▸ **MATERIAL FOR THE TASK**

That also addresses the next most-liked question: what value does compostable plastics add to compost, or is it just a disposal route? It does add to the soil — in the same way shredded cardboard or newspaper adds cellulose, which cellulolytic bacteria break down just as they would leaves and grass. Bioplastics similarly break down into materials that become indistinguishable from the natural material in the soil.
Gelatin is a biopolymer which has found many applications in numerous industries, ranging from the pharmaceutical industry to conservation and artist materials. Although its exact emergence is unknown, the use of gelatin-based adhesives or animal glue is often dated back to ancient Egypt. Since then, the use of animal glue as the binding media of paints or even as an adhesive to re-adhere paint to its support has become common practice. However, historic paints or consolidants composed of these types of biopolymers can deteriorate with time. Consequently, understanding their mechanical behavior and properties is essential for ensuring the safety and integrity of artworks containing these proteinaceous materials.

==

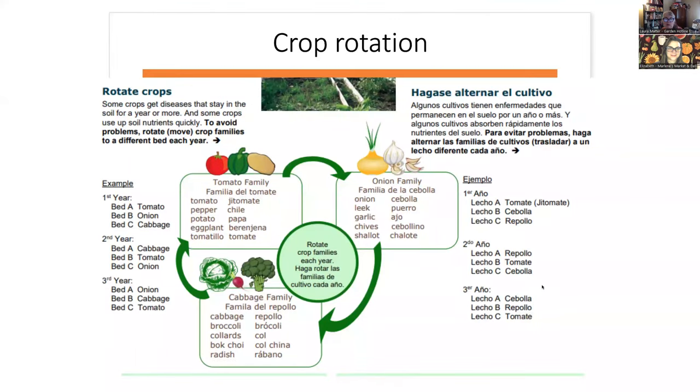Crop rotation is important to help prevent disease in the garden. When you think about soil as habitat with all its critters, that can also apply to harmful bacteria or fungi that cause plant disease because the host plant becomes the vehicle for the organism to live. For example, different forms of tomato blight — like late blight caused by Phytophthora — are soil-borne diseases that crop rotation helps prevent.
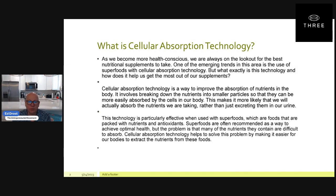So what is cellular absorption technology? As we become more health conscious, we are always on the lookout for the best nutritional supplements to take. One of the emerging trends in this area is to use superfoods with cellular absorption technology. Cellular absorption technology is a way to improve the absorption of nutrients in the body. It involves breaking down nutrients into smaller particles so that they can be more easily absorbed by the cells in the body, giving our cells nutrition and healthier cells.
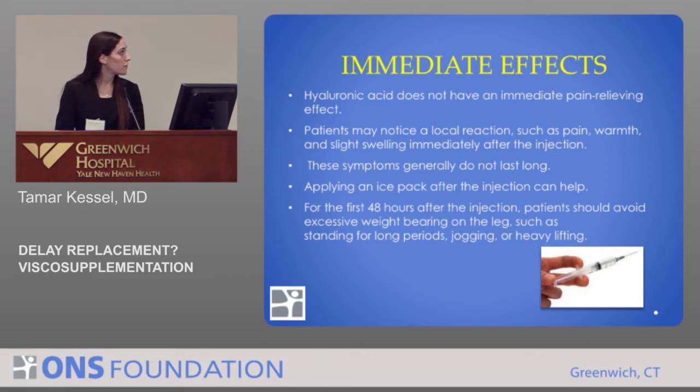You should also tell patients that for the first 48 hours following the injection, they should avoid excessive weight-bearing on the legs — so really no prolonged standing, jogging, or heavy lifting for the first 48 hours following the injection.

▸ **PROBLEM TO SOLVE**
Of the lines above, extract only those from the line with "That also addresses" to the line with "Gelatin is a", both included, exactly as written.

▸ **RESPONSE TO THE EXERCISE**
That also addresses the next most-liked question: what value does compostable plastics add to compost, or is it just a disposal route? It does add to the soil — in the same way shredded cardboard or newspaper adds cellulose, which cellulolytic bacteria break down just as they would leaves and grass. Bioplastics similarly break down into materials that become indistinguishable from the natural material in the soil.
Gelatin is a biopolymer which has found many applications in numerous industries, ranging from the pharmaceutical industry to conservation and artist materials. Although its exact emergence is unknown, the use of gelatin-based adhesives or animal glue is often dated back to ancient Egypt. Since then, the use of animal glue as the binding media of paints or even as an adhesive to re-adhere paint to its support has become common practice. However, historic paints or consolidants composed of these types of biopolymers can deteriorate with time. Consequently, understanding their mechanical behavior and properties is essential for ensuring the safety and integrity of artworks containing these proteinaceous materials.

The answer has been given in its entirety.